Introducing your students to your Akoraka | Learn …
Spending some time introducing your students to your Akoraka | Learn course page will build student confidence and minimise future questions. Read our tips here.
Managing Large Classes
Teaching a large course requires a higher level of practical and pedagogical organisation than a small course, and thus more planning before day one. The aspects covered under classroom management become even more important in a large course.
Many teachers try to “make a large class small” by treating it as such. Methods include:
- walking around the classroom during the class session
- moving toward the student asking a question
- using group work to create a more intimate atmosphere
- learning and using student names
- making time immediately before and after your class session to talk to students
- introducing some active learning strategies,
- developing other methods that allow you to be closer to the students you are teaching.

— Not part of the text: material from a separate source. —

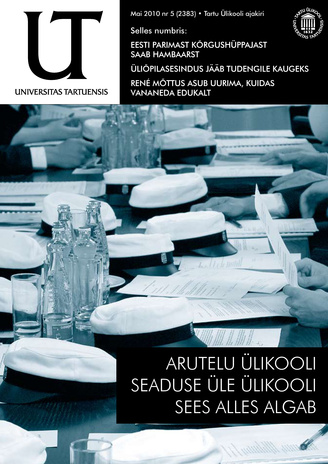 Universitas Tartuensis : UT : Tartu Ülikooli ajakiri ; 5 2010-05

Regardless of your course delivery approach, you will have asynchronous learning activities in your course and students will expect an online presence from you. Here are some tips for interacting with students in your course’s online learning environment. These tips can also apply to face-to-face interactions.

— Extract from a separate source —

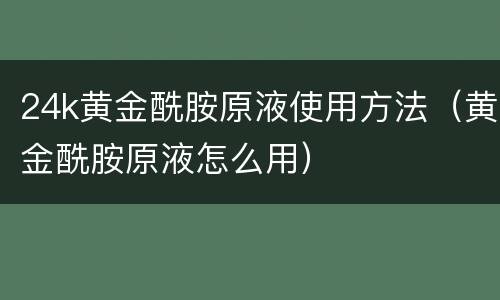 24k黄金酰胺原液使用方法（黄金酰胺原液怎么用）
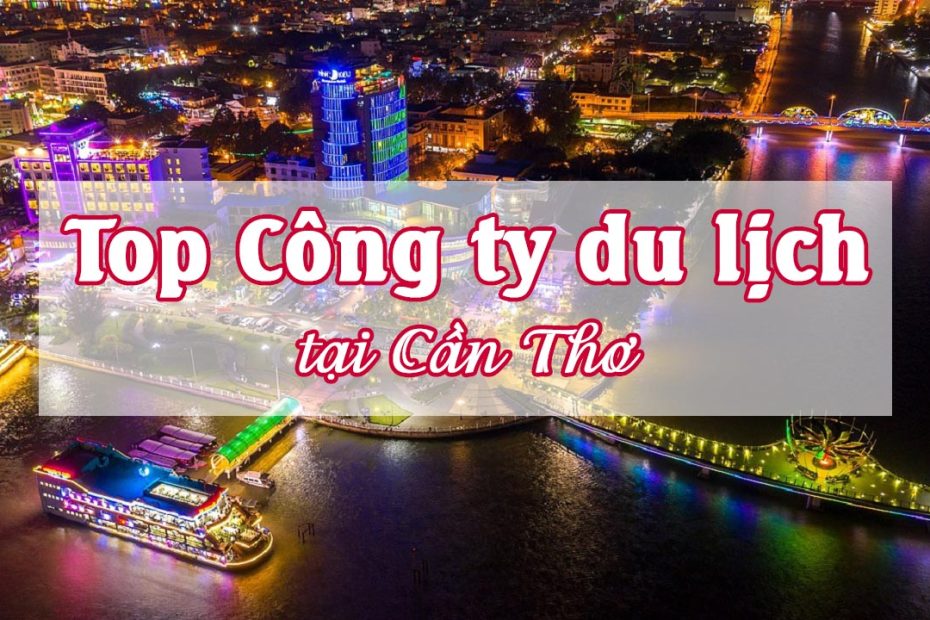 Top 20 Công Ty Du Lịch Tại Cần Thơ Uy Tín - Chất Lượng 2023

- Design activities that promote collaboration among students.
- Outline and explain course netiquette and model it at the beginning of the semester with instructor-guided introductions.
- Pose effective questions in discussion forums which encourage interaction and critical thinking skills among all students. It is important that these questions are open-ended and engaging. Here are some useful tips for writing effective discussion forum questions.
- Monitor content activity to ensure all students participate fully and discussions remain on topic.
- Record a 1-2 min video each week to connect with students. Aspects you could cover include:
- A summary of what has happened in the course during the week/topic/module
- Activities the students have done well in
- Any further activity you would like from students
- Any upcoming assessment due dates
- The focus for next week/topic/module and what students can do to prepare
- Create specific forums for questions regarding course assessment, course content and more social interactions.
- Ask students for feedback about the course on a regular basis and revise content as needed.
- Maintain an active online daily presence (particularly during the beginning weeks of a course) as this will be noticed and appreciated by the students.
- Give frequent and substantive feedback throughout the course.
- Let students know up front what response time they should expect for their questions/inquiries (eg, 24 hours).
- Inform students immediately of your absence should an illness, family emergency or other unexpected event prevent you from continuing regular effective contact for a prolonged time period (>1 week). Students will understand and most will be sympathetic and understanding of your predicament. You do not of course need to provide them with specific information about your absence unless it is directly relevant to the students, but what they will not appreciate is being left in the dark with no clarity on how to proceed.
- Inform students about whom to contact with course questions during your absence.
- Let students know when regular effective instructor-initiated contact will resume.